● Input for this task
=== Section Start ===

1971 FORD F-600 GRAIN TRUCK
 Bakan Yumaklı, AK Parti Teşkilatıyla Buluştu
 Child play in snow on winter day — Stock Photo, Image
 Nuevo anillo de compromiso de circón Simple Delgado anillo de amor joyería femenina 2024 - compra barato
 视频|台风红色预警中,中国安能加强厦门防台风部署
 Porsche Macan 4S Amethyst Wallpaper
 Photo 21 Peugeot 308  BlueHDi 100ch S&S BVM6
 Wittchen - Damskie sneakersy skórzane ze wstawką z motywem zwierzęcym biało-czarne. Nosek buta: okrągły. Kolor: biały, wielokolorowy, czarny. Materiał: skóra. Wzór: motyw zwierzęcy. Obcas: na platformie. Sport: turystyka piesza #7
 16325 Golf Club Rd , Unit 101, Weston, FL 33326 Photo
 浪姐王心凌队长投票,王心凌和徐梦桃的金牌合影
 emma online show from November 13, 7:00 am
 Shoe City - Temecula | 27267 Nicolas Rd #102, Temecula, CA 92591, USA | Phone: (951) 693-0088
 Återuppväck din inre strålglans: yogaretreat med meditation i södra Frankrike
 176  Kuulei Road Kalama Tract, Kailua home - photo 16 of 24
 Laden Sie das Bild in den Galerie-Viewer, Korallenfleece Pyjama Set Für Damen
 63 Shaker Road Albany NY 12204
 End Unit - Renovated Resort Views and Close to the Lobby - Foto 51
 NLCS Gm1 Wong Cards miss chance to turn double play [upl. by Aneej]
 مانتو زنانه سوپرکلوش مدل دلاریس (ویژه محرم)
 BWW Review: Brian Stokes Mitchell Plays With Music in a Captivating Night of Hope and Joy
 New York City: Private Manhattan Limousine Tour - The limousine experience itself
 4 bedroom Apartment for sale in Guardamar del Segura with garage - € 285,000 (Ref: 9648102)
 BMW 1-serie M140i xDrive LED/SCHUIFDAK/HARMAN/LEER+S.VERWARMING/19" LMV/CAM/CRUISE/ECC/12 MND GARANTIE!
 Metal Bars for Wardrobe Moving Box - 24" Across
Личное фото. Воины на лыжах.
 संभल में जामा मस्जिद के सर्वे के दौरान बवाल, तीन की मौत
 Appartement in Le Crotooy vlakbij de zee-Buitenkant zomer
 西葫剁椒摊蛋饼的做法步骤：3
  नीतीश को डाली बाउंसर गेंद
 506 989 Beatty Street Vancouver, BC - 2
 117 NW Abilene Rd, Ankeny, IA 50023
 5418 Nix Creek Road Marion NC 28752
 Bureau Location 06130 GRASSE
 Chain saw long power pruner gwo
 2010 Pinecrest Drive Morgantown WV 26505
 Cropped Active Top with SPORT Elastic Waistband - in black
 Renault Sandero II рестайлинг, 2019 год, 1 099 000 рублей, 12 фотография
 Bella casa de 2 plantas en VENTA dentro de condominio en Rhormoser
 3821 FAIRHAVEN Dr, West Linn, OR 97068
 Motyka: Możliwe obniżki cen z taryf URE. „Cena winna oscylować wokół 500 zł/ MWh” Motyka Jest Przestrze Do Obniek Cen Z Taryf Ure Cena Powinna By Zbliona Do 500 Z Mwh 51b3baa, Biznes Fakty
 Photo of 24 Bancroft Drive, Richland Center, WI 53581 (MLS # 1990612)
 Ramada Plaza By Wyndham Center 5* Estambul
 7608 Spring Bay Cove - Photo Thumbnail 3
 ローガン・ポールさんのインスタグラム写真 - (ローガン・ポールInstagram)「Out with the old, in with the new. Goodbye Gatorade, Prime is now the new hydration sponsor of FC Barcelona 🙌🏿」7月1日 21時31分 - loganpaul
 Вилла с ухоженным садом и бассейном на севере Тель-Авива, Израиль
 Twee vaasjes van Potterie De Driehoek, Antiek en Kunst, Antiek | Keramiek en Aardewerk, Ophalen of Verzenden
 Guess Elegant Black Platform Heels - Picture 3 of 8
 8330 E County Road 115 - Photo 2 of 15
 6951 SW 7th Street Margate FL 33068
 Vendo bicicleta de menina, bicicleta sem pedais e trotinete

=== Section End ===

● Assigned task
Beginning at the line above that contains "BWW Review: Brian", return each line exactly through the line that contains "BMW 1-serie M140i", and no others.

● Response area
 BWW Review: Brian Stokes Mitchell Plays With Music in a Captivating Night of Hope and Joy
 New York City: Private Manhattan Limousine Tour - The limousine experience itself
 4 bedroom Apartment for sale in Guardamar del Segura with garage - € 285,000 (Ref: 9648102)
 BMW 1-serie M140i xDrive LED/SCHUIFDAK/HARMAN/LEER+S.VERWARMING/19" LMV/CAM/CRUISE/ECC/12 MND GARANTIE!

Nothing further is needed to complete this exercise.